If the compromised user (a Finance Manager in this case) regularly receives emails containing financial PII, and the attacker accessed 340 emails from that mailbox: the probability that personal data was exposed is high. This triggers the 72-hour notification requirement.

Document the notification decision: “Assessment: attacker accessed 340 emails from j.morrison (Finance Manager) over 3 hours. j.morrison regularly handles payroll and vendor payment data containing employee bank details. Risk assessment: likely risk to individuals’ rights and freedoms. Recommendation: notify ICO within 72 hours. Legal counsel consulted at [time].”

Try it yourself

For the Northgate Engineering scenario with 3 compromised users (j.morrison — Finance Manager, s.chen — IT Administrator, a.patel — Accounts Payable Clerk): assess each user's likely email content based on their role. Which users' mailbox access is most likely to trigger data breach notification? Draft a one-paragraph notification assessment for each user. This exercise builds the skill of translating technical findings into regulatory compliance decisions.

What you should produce

j.morrison (Finance Manager): high probability of personal data exposure — payroll, vendor bank details. Notification likely required. s.chen (IT Administrator): moderate probability — may contain system credentials, employee device information. Assess further. a.patel (Accounts Payable): high probability — vendor financial data, potentially employee expense claims. Notification likely required.

Check your understanding

1. The scope query shows 12 users with status "CLICKED" but only 3 with status "COMPROMISED." Should you investigate the other 9 clickers?

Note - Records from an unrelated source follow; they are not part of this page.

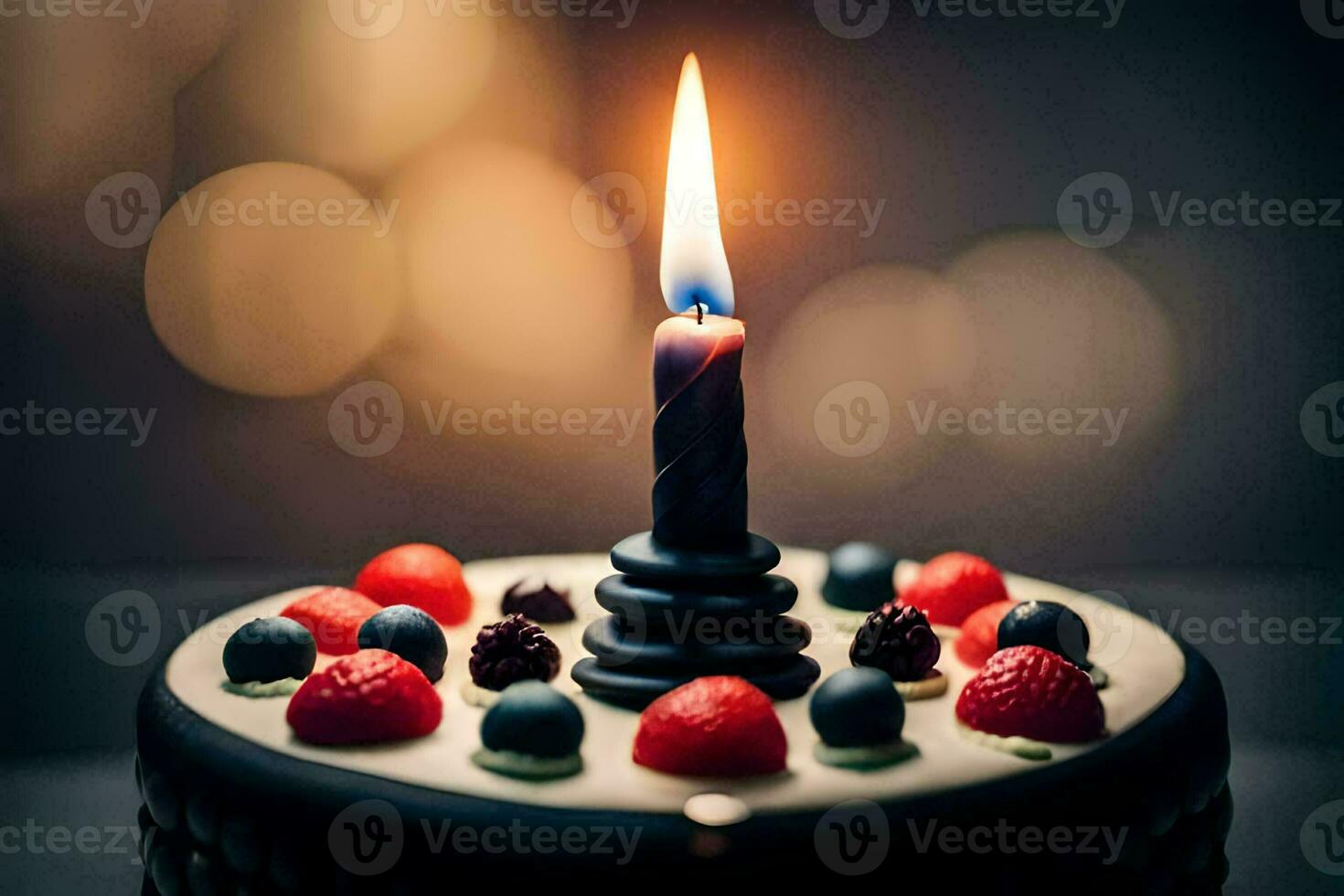 a birthday cake with a lit candle. AI-Generated photo
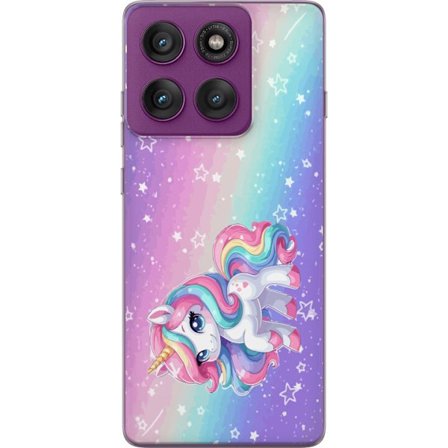 Yhteensopiva Puhelinkuori Motorola Edge 60 Pro Stitch polaroid-kehyksissä sinisillä pastellisävyillä ja suloisilla ilmeillä kollaaseissa sydämillä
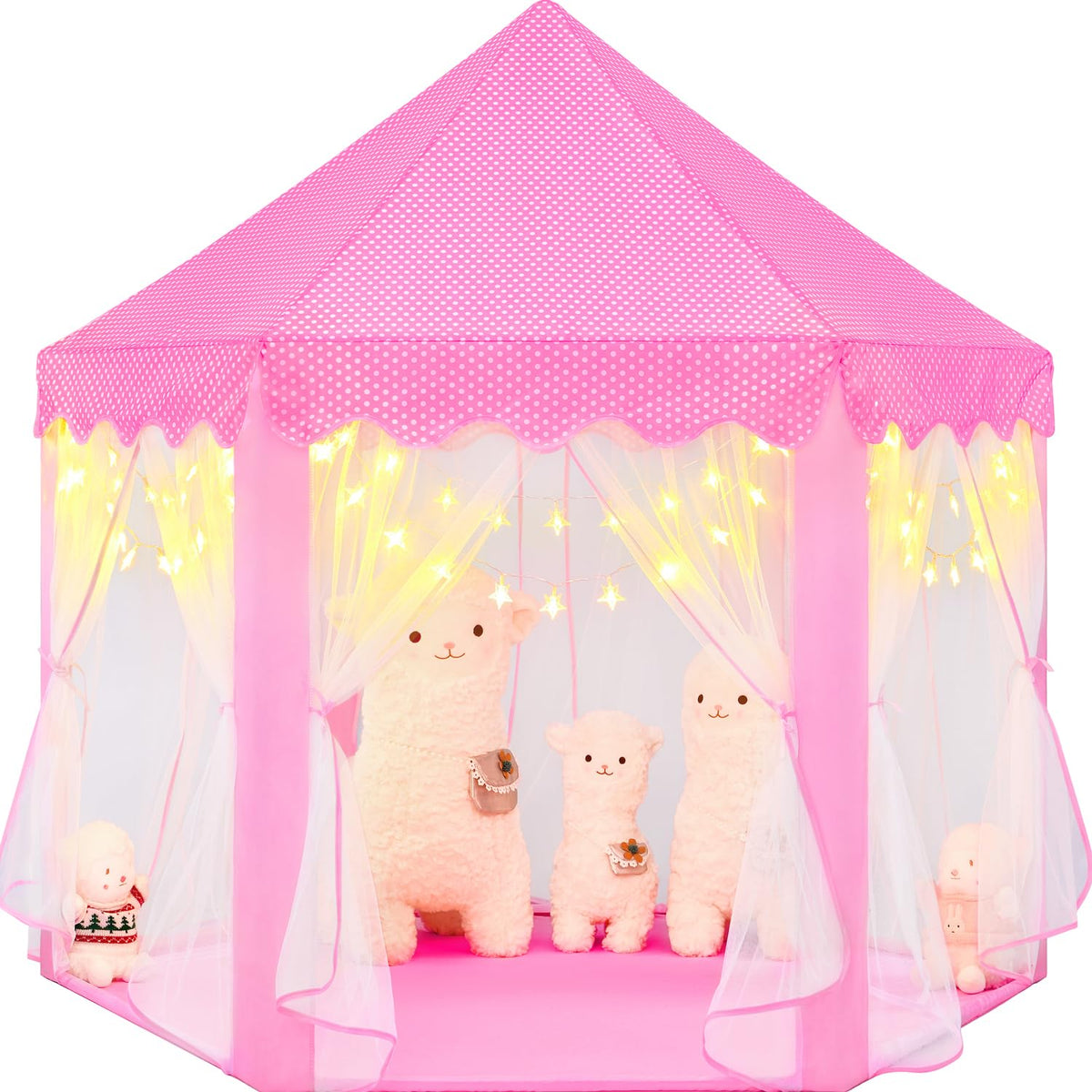 CubNbud Princess Tent with star lights for magical indoor play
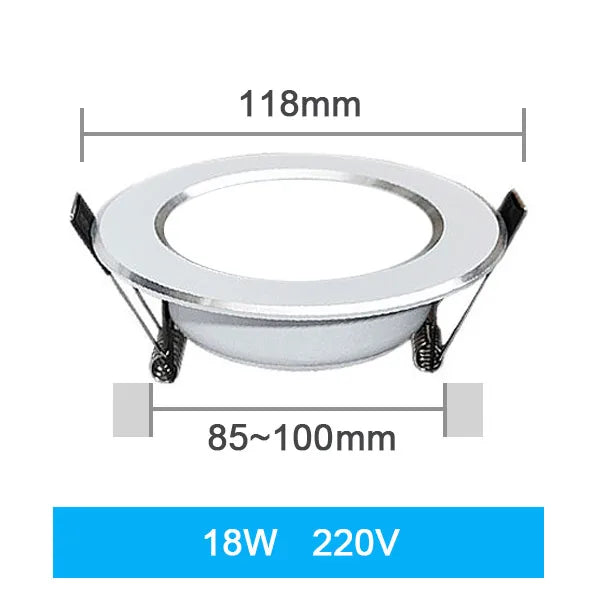 Spot LED Encastrable Blanc Liseré Argent, 3 à 18 W, Ø 69 à 118 mm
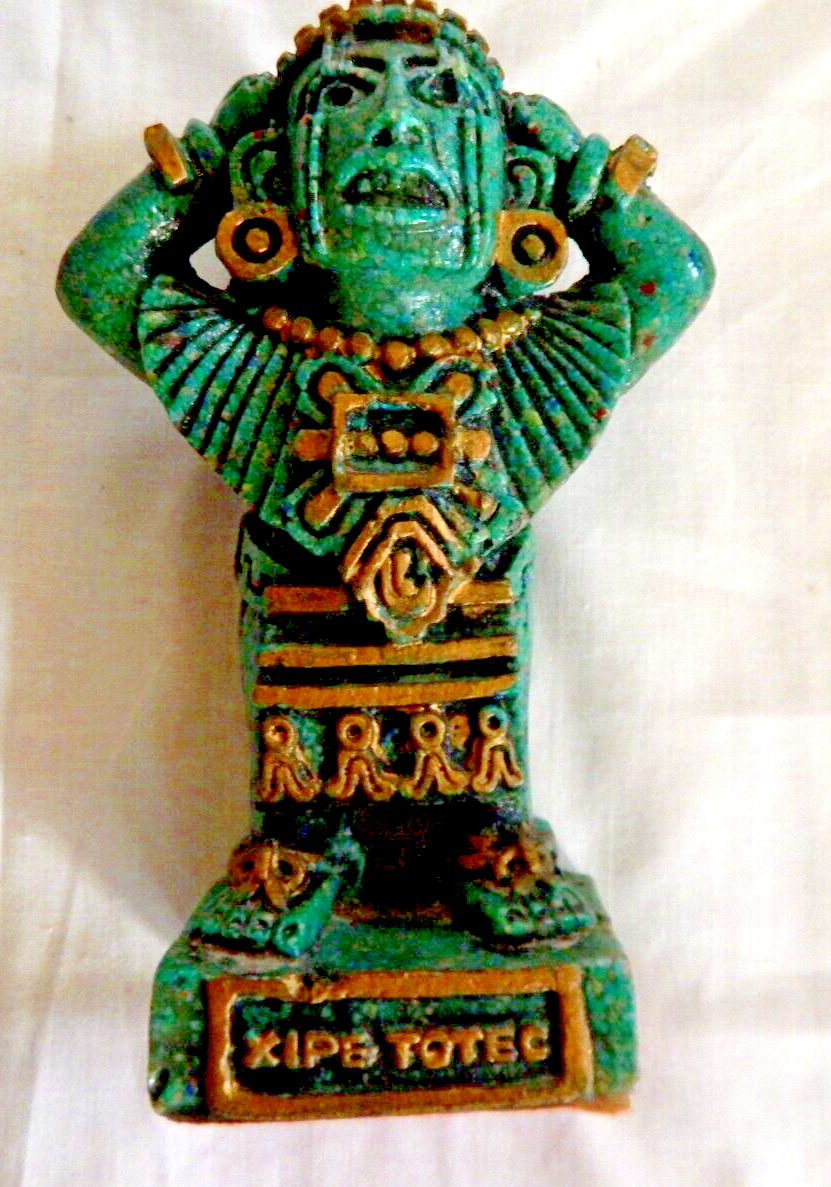 Aztec xipe totec warriortribal statue sculpture figurine mayan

Yes. Every clicker must be investigated. "Clicked but not compromised" may mean: the user clicked but did not enter credentials (closed the AiTM page), the user entered credentials but the token capture failed, or the sign-in from the attacker IP used a different IP not in your AttackerIPs list. Run the sign-in log investigation (11.5) for each clicker. If no suspicious sign-in is found, classify as "Clicked — no compromise confirmed" and document.